▸ **How to complete this task**
From the entries below, return only the lines starting at the one that contains "Irish Mastiff Hound" and ending at the one that contains "Cute kitten on", exactly as they stand.

----- Excerpted records

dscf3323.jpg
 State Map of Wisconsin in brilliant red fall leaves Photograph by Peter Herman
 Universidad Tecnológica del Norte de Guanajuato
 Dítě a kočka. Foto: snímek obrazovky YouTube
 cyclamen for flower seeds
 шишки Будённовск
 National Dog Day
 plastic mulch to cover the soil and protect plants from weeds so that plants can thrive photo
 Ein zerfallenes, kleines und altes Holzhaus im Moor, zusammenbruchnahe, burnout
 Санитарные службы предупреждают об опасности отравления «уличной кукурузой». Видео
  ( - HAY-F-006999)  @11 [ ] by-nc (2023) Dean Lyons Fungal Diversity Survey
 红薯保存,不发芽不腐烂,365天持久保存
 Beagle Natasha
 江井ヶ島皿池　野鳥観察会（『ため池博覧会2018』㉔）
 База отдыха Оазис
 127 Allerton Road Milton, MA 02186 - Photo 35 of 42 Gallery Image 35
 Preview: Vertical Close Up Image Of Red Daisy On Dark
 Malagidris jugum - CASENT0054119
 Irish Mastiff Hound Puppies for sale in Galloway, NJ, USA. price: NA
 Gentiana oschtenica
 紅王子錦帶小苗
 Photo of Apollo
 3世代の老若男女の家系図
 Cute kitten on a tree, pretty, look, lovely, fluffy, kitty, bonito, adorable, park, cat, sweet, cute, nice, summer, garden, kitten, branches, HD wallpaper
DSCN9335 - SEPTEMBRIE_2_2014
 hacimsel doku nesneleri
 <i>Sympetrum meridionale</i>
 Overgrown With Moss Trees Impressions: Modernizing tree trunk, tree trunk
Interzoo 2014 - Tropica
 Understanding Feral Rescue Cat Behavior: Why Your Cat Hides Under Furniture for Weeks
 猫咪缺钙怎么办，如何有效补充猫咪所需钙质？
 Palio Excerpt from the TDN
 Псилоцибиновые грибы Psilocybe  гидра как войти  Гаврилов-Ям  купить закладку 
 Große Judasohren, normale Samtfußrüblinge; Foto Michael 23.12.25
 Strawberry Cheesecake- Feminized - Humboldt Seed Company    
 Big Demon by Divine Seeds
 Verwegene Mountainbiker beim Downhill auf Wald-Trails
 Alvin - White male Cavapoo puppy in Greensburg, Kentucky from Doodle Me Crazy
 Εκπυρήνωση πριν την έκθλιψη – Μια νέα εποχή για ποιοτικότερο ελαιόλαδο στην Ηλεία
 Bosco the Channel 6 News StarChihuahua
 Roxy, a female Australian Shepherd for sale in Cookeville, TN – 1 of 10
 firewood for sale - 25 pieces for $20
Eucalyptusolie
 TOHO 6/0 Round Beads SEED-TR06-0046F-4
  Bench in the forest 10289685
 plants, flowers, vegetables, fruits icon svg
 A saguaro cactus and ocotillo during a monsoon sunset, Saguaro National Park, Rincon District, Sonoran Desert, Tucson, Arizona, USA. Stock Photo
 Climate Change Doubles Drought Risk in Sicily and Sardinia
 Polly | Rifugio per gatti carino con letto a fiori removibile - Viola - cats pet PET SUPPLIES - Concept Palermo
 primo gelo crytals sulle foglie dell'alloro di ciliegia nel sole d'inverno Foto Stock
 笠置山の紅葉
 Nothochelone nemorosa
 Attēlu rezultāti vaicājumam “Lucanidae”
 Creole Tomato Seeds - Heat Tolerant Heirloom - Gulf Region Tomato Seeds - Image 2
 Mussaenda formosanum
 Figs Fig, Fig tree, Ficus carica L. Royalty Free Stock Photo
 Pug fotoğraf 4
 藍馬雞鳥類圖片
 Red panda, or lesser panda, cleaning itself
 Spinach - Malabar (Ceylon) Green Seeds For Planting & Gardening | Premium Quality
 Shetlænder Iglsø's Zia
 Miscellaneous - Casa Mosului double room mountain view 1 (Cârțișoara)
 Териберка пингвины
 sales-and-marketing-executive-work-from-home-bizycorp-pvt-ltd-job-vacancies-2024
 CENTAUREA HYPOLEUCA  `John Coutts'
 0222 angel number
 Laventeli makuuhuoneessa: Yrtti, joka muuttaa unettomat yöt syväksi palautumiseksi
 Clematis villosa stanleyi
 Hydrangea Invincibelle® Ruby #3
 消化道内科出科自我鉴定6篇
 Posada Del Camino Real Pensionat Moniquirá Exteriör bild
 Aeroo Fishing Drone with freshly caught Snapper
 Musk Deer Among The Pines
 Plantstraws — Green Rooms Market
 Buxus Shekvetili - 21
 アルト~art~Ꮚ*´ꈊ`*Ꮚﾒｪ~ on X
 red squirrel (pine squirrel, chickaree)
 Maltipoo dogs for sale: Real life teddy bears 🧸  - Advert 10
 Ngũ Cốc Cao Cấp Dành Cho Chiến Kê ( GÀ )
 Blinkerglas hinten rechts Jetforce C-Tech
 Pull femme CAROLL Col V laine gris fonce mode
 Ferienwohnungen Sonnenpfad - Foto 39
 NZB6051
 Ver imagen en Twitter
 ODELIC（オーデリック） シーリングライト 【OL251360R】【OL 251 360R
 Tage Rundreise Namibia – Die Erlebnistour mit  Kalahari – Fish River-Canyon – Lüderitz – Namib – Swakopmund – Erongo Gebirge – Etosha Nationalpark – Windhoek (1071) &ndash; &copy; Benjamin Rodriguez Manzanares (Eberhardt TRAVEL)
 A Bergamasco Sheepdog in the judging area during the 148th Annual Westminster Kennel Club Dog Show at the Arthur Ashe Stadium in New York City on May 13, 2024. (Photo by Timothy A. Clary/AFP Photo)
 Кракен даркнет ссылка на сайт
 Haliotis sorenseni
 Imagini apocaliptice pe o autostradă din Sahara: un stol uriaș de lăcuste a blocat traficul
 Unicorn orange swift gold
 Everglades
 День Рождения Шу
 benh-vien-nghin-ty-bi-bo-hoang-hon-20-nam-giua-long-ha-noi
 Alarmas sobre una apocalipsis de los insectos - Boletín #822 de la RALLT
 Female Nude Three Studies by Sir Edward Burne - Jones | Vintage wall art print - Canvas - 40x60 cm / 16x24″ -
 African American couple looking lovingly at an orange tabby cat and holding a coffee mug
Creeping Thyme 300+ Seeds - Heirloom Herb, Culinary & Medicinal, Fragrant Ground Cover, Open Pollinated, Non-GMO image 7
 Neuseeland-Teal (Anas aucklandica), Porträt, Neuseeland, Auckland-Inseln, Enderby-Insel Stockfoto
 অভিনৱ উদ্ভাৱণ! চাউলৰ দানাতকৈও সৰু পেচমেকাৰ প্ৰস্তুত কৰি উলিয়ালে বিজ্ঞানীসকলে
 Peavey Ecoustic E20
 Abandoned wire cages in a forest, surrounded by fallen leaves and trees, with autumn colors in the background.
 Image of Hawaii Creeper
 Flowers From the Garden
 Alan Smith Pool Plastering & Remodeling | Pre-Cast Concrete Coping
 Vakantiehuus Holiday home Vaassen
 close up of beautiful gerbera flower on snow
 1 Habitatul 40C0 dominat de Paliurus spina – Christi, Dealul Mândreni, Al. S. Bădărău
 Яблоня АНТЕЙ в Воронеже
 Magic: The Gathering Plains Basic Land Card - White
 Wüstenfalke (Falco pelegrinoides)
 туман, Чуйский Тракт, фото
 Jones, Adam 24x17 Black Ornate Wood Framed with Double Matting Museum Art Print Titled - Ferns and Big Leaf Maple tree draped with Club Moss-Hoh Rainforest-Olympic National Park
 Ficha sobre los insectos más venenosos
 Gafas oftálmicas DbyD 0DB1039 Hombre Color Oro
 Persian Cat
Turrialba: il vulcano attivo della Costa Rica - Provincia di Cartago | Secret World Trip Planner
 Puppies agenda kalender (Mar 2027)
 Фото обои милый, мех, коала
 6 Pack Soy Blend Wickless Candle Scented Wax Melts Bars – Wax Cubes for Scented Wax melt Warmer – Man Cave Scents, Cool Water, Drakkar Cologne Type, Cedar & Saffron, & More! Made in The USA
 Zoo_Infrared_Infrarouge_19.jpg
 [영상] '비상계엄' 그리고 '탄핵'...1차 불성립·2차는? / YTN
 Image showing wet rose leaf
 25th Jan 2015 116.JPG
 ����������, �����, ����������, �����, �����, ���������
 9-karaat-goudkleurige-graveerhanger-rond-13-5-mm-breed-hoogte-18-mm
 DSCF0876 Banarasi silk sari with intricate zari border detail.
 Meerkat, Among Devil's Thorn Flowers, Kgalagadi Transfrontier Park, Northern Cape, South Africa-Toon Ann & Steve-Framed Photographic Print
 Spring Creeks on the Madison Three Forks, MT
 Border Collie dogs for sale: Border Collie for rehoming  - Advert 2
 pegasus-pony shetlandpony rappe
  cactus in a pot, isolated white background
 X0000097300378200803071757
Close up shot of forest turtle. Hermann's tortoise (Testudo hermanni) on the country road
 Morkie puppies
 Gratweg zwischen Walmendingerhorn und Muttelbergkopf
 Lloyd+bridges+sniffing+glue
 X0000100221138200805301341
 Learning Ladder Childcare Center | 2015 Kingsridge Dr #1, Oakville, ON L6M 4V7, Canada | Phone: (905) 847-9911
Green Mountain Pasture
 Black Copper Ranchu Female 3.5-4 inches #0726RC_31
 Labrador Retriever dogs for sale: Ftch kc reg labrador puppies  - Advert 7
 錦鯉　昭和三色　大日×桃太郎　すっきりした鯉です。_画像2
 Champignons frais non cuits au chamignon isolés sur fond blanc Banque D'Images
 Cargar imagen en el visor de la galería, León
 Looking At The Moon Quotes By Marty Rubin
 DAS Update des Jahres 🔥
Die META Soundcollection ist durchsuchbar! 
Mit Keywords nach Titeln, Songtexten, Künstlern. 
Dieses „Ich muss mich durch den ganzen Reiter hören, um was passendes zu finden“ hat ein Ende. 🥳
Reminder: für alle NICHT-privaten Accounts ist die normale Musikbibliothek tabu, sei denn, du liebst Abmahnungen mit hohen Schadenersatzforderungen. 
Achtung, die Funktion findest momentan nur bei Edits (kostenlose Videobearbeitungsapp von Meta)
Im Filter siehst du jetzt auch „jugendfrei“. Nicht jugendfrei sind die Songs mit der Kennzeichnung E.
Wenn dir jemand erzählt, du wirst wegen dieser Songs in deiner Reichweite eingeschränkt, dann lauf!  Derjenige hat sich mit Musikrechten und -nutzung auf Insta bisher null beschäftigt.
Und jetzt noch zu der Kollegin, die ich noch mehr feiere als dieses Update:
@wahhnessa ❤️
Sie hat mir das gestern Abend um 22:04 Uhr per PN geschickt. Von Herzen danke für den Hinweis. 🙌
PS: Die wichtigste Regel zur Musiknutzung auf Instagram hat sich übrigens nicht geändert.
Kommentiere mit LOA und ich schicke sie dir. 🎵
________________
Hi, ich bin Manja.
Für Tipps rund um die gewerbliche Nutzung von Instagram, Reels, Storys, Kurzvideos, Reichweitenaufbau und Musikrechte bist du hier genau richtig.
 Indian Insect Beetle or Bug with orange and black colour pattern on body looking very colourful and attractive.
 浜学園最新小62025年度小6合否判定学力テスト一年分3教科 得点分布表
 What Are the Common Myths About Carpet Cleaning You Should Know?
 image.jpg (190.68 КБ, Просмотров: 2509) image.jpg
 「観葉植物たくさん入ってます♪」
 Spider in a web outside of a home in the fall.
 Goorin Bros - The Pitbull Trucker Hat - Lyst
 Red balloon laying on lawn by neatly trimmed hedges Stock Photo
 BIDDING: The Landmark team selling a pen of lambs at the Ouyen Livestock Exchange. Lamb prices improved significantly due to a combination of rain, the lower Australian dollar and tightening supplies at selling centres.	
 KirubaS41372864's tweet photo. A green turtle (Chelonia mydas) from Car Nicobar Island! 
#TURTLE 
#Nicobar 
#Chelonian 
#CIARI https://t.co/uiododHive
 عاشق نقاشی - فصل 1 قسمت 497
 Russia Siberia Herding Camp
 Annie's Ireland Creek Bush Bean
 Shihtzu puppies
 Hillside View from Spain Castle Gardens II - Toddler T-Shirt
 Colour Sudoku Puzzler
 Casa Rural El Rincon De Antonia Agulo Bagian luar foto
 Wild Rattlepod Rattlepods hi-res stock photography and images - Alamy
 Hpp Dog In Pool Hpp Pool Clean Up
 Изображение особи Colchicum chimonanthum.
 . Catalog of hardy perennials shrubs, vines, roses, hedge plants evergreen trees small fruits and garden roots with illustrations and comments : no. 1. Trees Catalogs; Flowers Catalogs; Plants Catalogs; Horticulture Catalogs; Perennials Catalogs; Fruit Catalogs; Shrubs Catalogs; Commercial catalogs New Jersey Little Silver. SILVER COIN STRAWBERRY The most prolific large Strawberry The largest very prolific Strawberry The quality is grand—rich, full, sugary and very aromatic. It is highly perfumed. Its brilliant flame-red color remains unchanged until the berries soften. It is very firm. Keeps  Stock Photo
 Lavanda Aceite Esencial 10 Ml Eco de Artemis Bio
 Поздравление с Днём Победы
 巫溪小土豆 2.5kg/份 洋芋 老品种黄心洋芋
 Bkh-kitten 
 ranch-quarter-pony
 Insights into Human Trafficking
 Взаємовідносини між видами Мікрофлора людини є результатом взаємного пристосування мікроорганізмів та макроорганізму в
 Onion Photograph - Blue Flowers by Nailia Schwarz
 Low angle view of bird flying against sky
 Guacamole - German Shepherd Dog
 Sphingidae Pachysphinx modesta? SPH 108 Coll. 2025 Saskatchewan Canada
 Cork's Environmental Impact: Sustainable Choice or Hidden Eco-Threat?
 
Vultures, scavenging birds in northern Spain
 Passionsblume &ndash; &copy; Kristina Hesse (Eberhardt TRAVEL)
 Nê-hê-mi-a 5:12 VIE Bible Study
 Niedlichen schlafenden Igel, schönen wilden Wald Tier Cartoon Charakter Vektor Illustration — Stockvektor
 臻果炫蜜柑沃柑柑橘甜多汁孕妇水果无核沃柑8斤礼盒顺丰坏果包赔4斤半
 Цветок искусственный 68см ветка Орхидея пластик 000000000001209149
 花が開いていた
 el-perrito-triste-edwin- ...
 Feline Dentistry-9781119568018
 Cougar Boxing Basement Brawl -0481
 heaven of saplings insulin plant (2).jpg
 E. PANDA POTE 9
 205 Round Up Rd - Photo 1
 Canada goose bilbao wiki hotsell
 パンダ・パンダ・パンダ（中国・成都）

----------

▸ **Problem solution**
 Irish Mastiff Hound Puppies for sale in Galloway, NJ, USA. price: NA
 Gentiana oschtenica
 紅王子錦帶小苗
 Photo of Apollo
 3世代の老若男女の家系図
 Cute kitten on a tree, pretty, look, lovely, fluffy, kitty, bonito, adorable, park, cat, sweet, cute, nice, summer, garden, kitten, branches, HD wallpaper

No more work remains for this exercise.